Activity ::
Pictures appear among the records below and must be omitted. Repeat exactly the lines from the line with "FarmTek Nursing Bottle" to the line with "Розетка 2-м ОП", both included.

Top of Extracted material

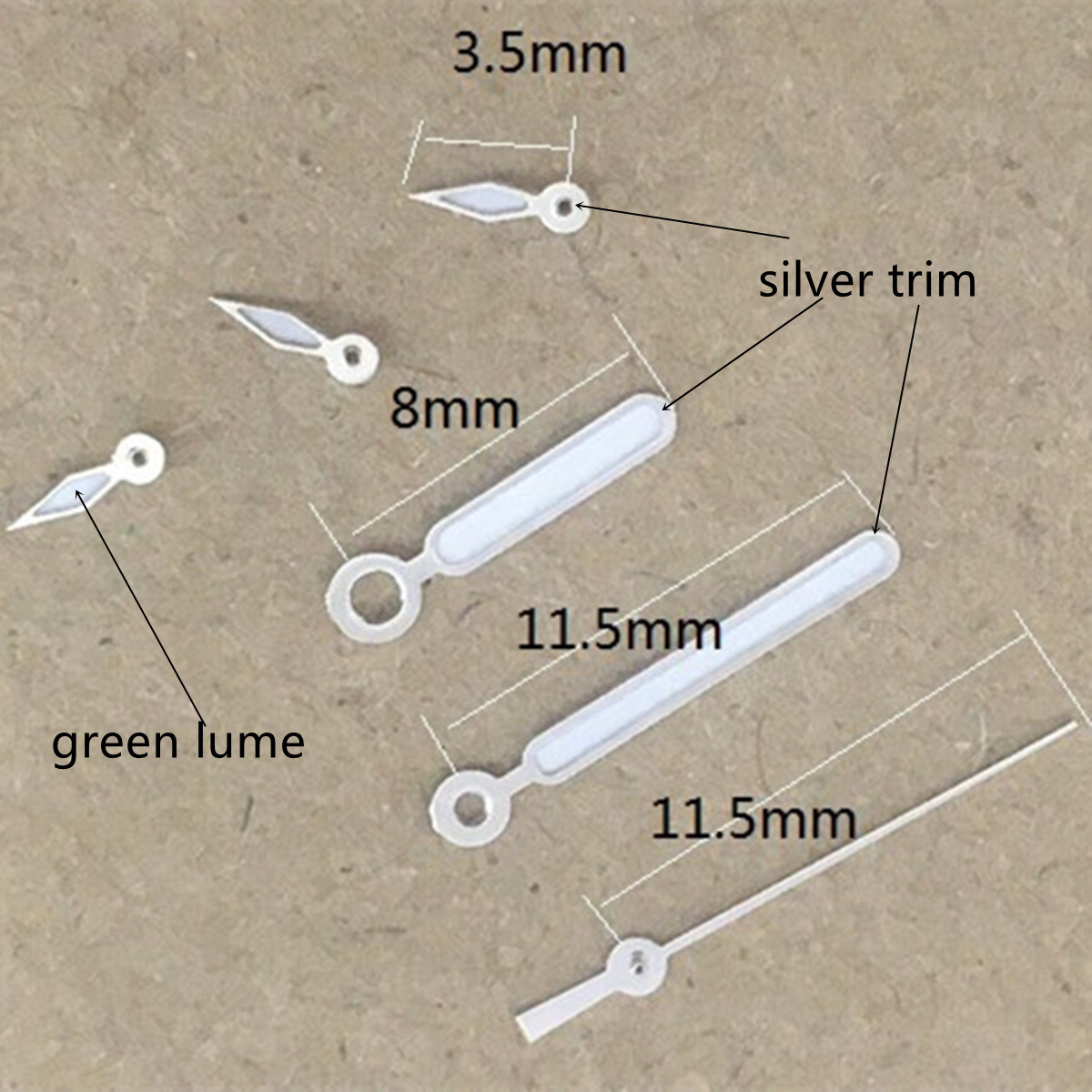 11.5mm Round Pointed Green Lume Watch Hands for VD53 VD54 VD57 Movement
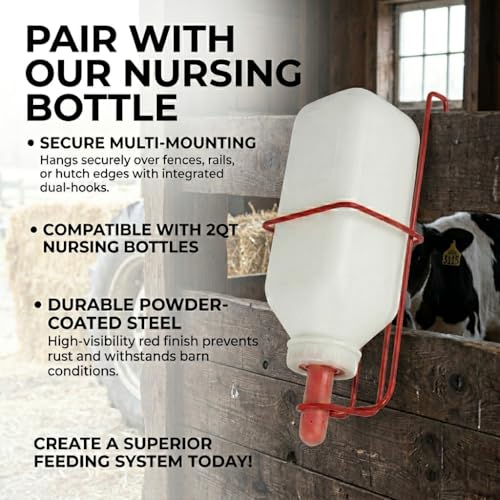 FarmTek Nursing Bottle Holder w/ 2-Quart Bottle – Powder-Coated | Heavy-Duty Steel Bracket, Secure Rail Mount, Durable 2-Quart Capacity, Easy Feed Access, Livestok Nursing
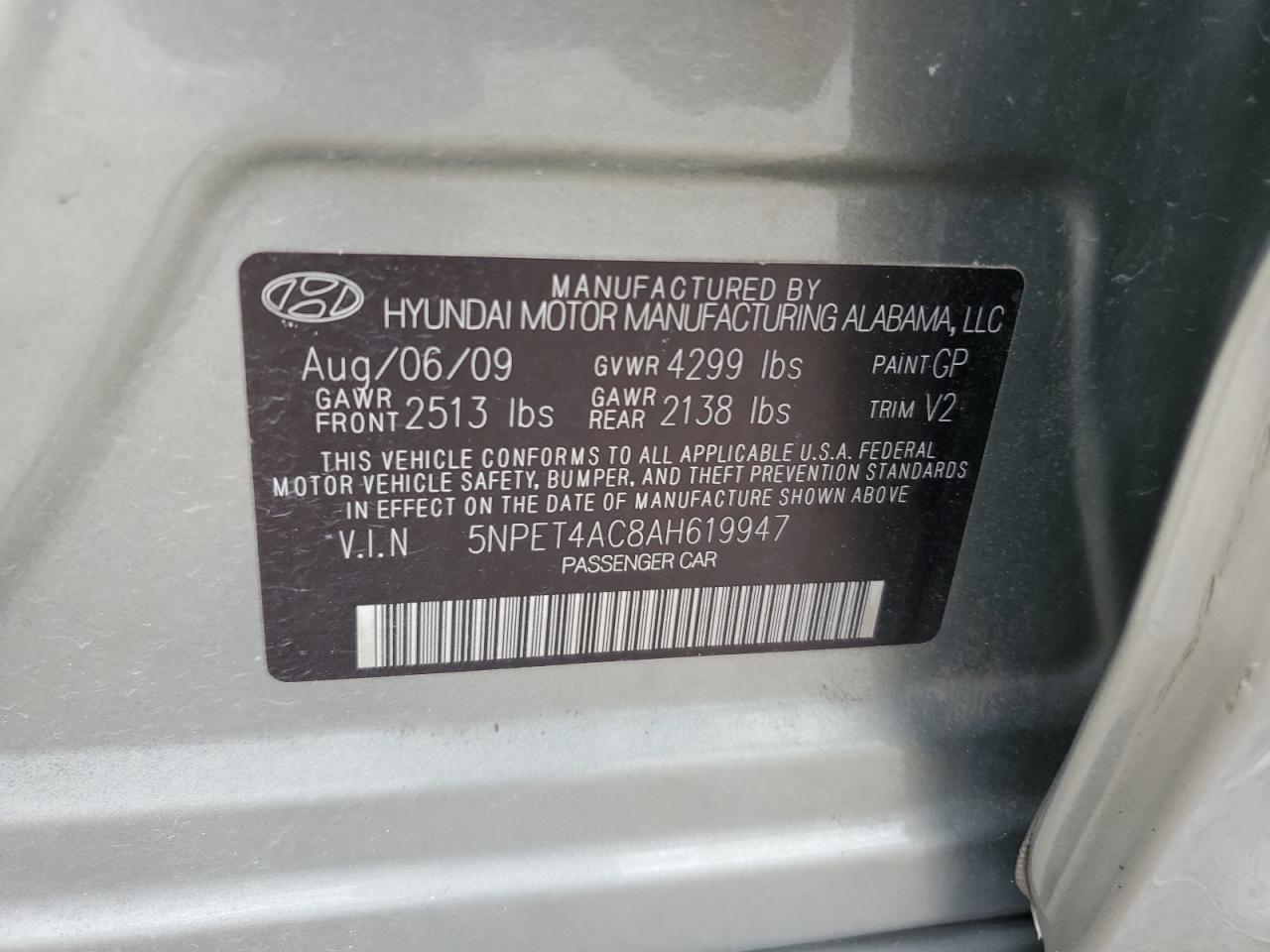 2010 Hyundai Sonata Gls VIN: 5NPET4AC8AH619947 Lot: 71261884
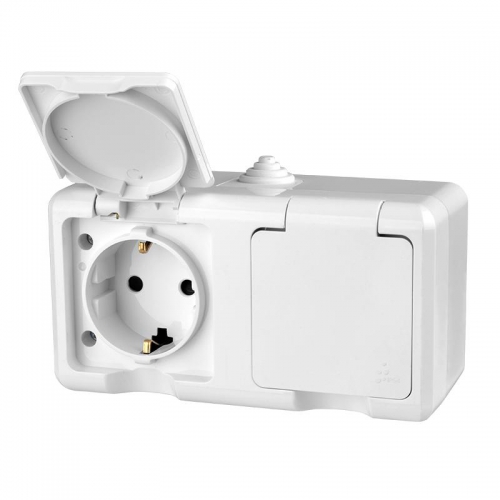 Розетка 2-м ОП Dita 16А IP54 250В с заземл. с крышкой бел. TOKOV ELECTRIC TKL-DT-R2Z-C01-IP54 TKL-DT-R2Z-C01-IP54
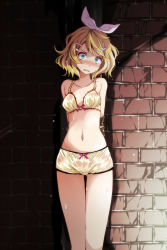  1girl arms_behind_back bdsm blonde_hair blue_eyes blush bondage bound bound_arms bow boyshort_panties breasts brick_wall embarrassed gluteal_fold hair_between_eyes highres kagamine_rin looking_at_viewer messy_hair navel panties project_diva_(series) restrained see-through small_breasts solo sweat tsukishiro_saika underwear underwear_only vocaloid wet white_bow yellow_panties  rating:Questionable score:68 user:danbooru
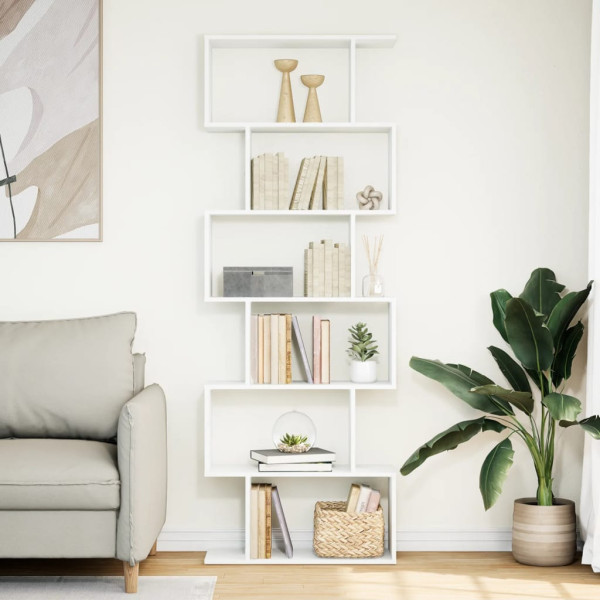 Estante divisória 6 níveis 70x24x193cm derivados madeira branco M 3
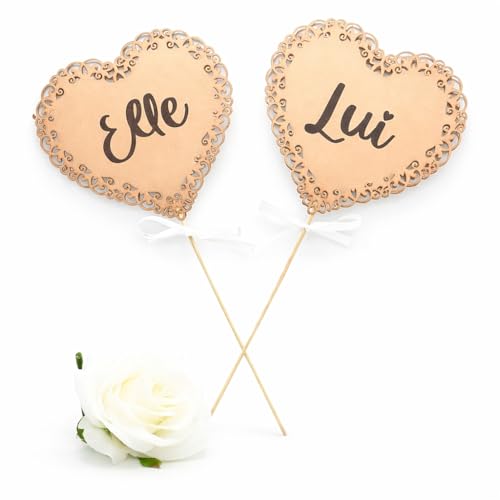 Jeu de mariage elle et lui, lot de 2 pancartes en forme de c
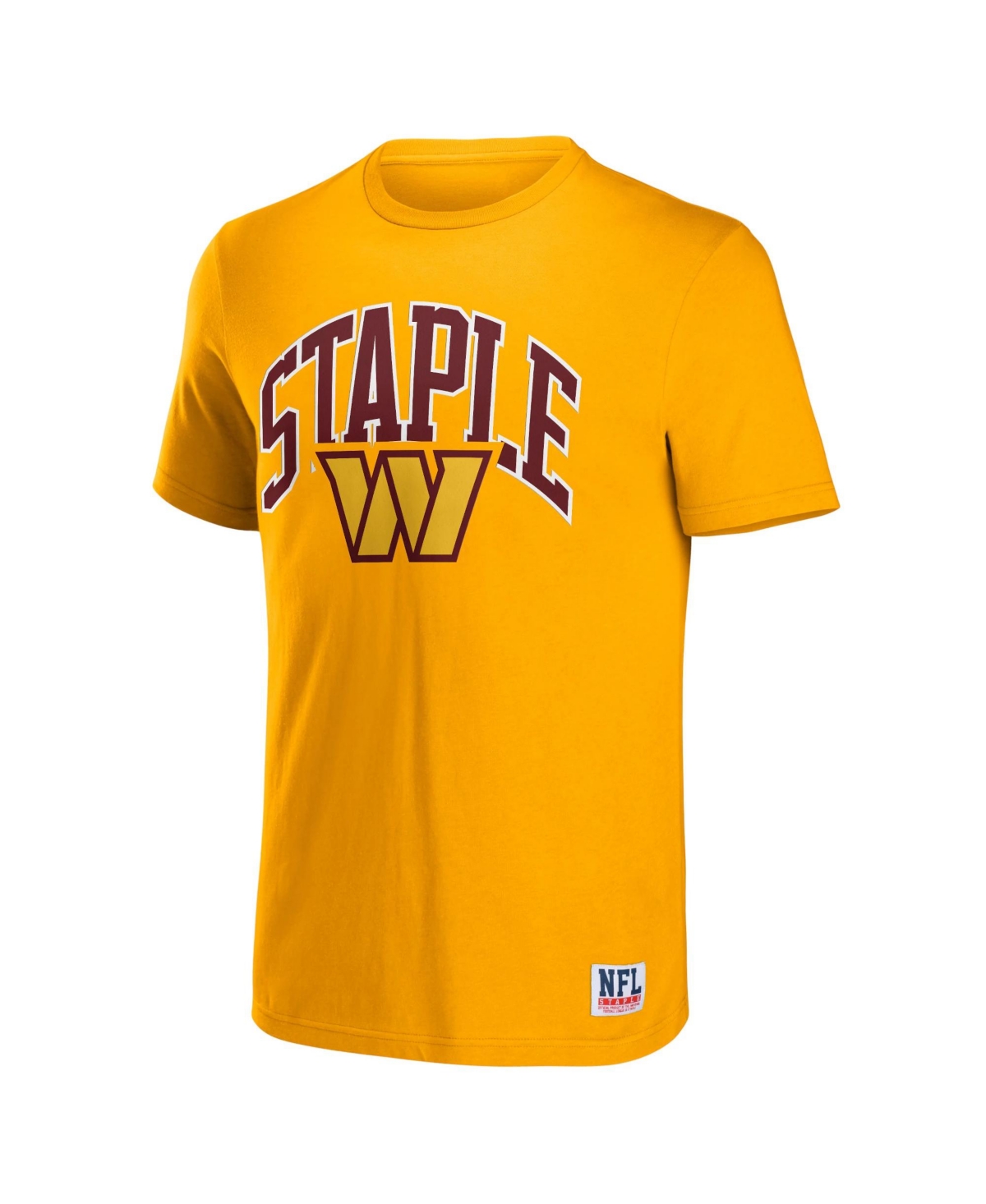 Shop Nfl Properties Men's Nfl X Staple Yellow Washington Commanders Lockup Logo Short Sleeve T-shirt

Bottom of Extracted material

Result ::
 FarmTek Nursing Bottle Holder w/ 2-Quart Bottle – Powder-Coated | Heavy-Duty Steel Bracket, Secure Rail Mount, Durable 2-Quart Capacity, Easy Feed Access, Livestok Nursing
 2010 Hyundai Sonata Gls VIN: 5NPET4AC8AH619947 Lot: 71261884
 Розетка 2-м ОП Dita 16А IP54 250В с заземл. с крышкой бел. TOKOV ELECTRIC TKL-DT-R2Z-C01-IP54 TKL-DT-R2Z-C01-IP54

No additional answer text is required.